#113028 | AsPredicted

'RobotHelp3'
(AsPredicted #113,028)


Author(s)
This pre-registration is currently anonymous to enable blind peer-review.
It has 3 authors.
Pre-registered on
2022/11/15 01:39 (PT)

1) Have any data been collected for this study already?
No, no data have been collected for this study yet.

2) What's the main question being asked or hypothesis being tested in this study?
Robot knowledge test: Validation of a questionnaire to assess people's knowledge about robots.
Research question: How do knowledge, attitude, and anthropomorphism relate to people's willingness to help a robot? 
 Hypothesis:    
(a) Influence of knowledge: Knowledge influences people's willingness to help, with high knowledge leading to participants being less willing to help.  
(b) Influence of attitude: Positive attitudes lead to people being more willing to help, while negative attitudes lead to people being less willing to help.
(c) Influence of anthropomorphism: Participants' own opinion on how anthropomorphic robots are influences their willingness to help a robot in need, with high anthropomorphism scores leading to participants being more willing to help.

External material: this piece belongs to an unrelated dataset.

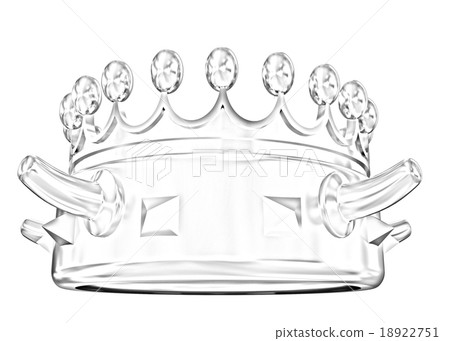 Gold crown isolated on white background 18922751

3) Describe the key dependent variable(s) specifying how they will be measured.
Willingness to help: Participants read 8 different scenarios about a robot that needs help. Each scenario is presented two times in randomized order, accompanied by a picture of a robot (16 counterbalanced experimental trials in total). Participants decide how likely it would be that they help (5-point Likert scale).

4) How many and which conditions will participants be assigned to?
The study has a 4 (domain: domain 1, domain 2, domain 3, domain 4) x 2 (robot: anthropomorphic, non-anthropomorphic) within-subjects design.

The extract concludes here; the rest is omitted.